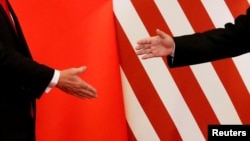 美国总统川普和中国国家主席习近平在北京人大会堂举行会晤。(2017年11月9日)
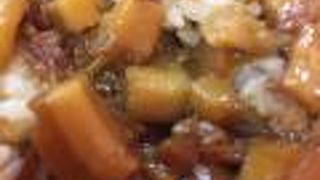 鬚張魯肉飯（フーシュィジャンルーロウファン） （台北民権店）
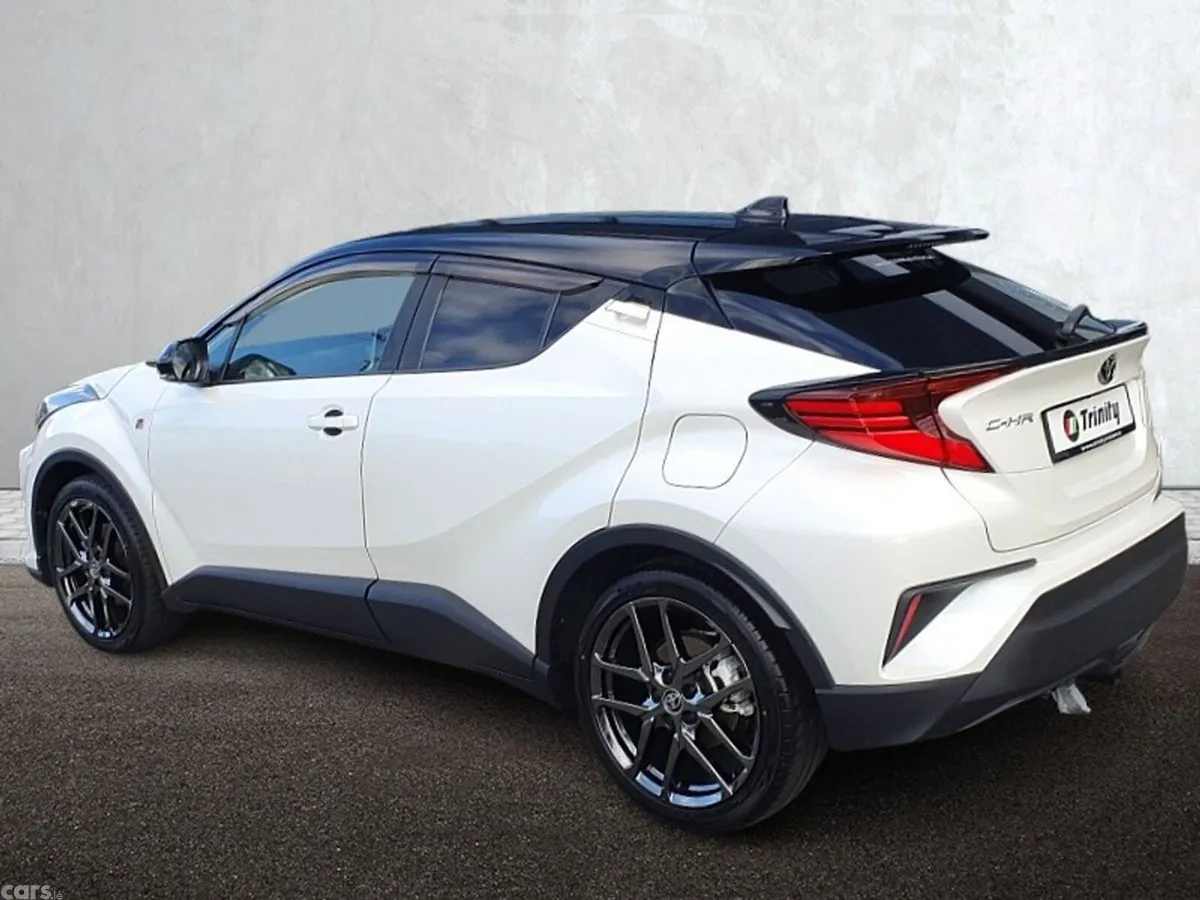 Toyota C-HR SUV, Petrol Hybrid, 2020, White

---

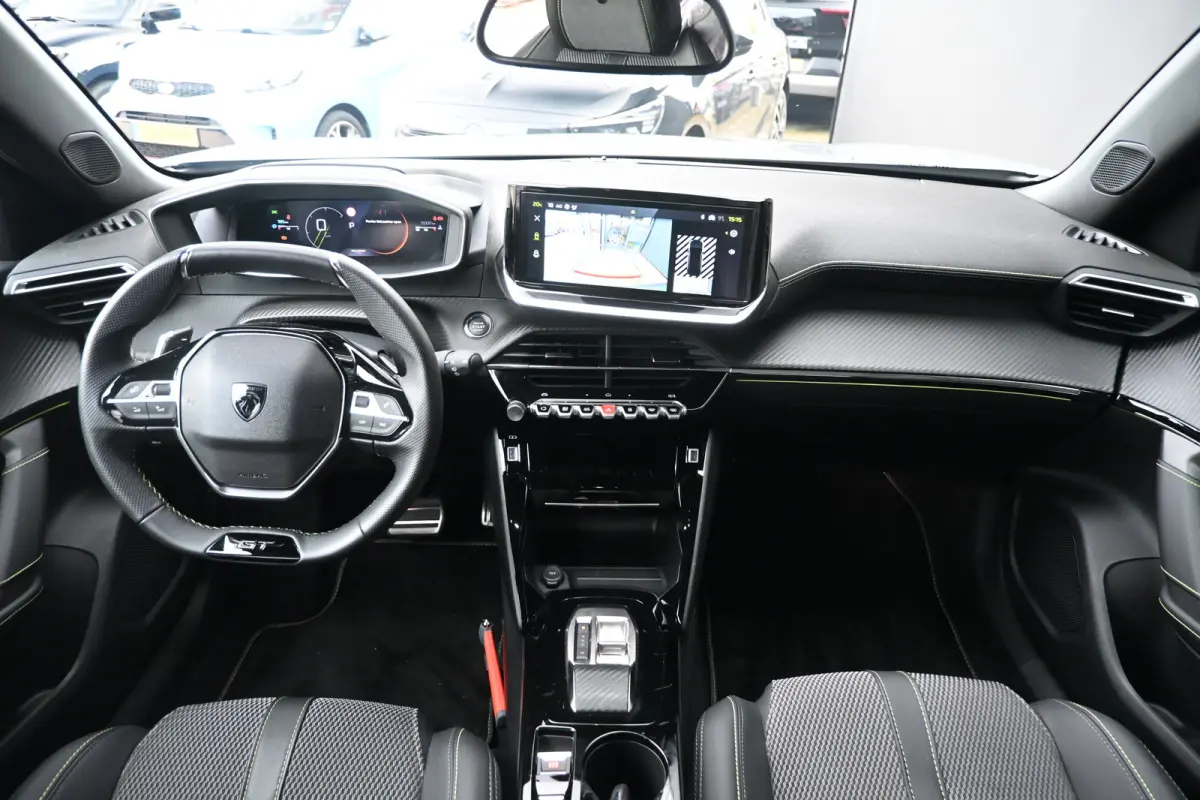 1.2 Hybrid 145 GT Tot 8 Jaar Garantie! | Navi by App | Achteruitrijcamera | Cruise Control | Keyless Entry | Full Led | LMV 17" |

---

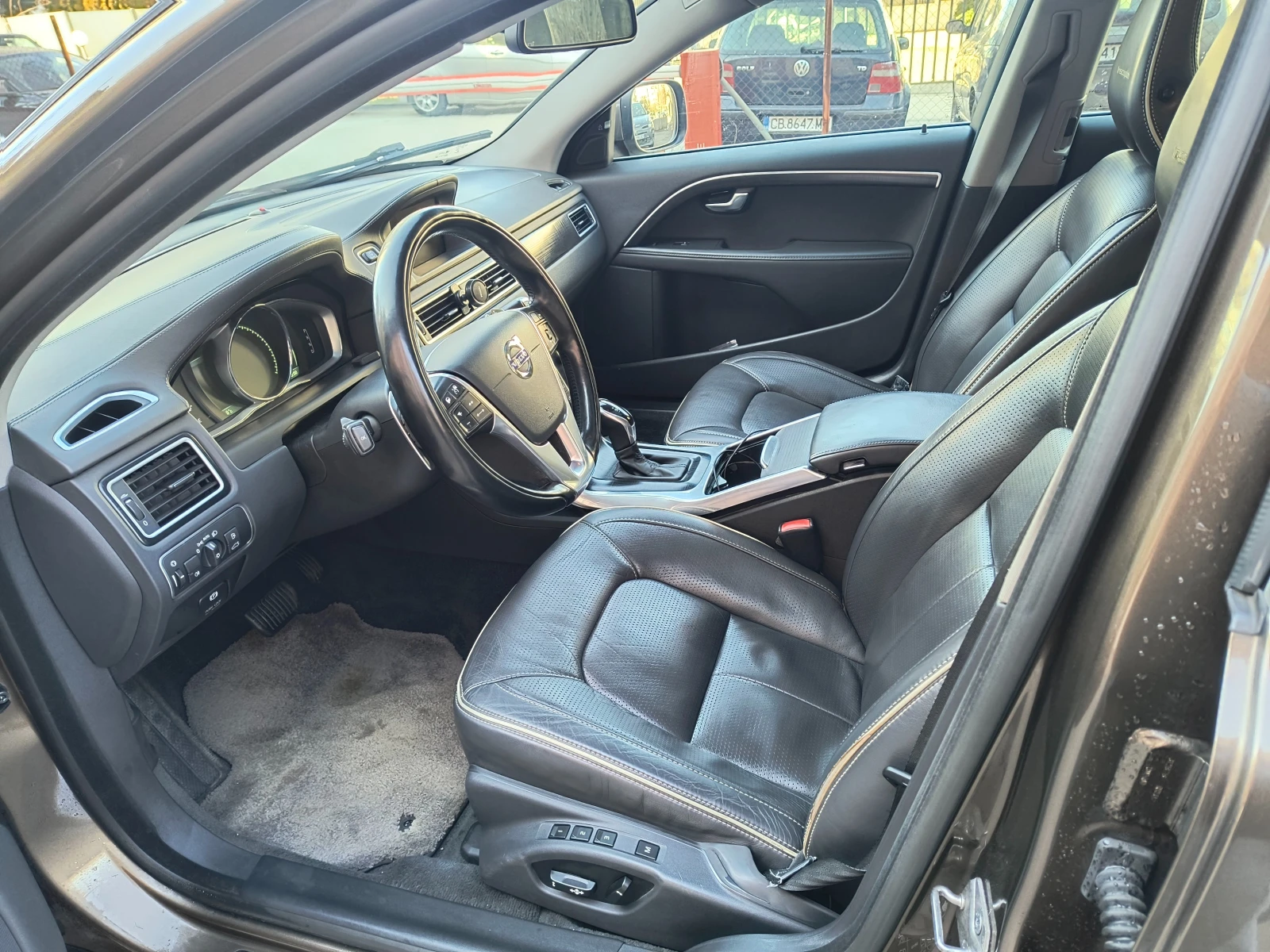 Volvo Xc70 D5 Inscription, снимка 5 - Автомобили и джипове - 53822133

---

Look above for the line containing "美国总统川普和中国国家主席习", then write out every line from there down to the line containing "Toyota C-HR SUV, Petrol Hybrid, 2020, White", that line included, with no pictures.

| Result of the exercise |
 美国总统川普和中国国家主席习近平在北京人大会堂举行会晤。(2017年11月9日)
 鬚張魯肉飯（フーシュィジャンルーロウファン） （台北民権店）
 Toyota C-HR SUV, Petrol Hybrid, 2020, White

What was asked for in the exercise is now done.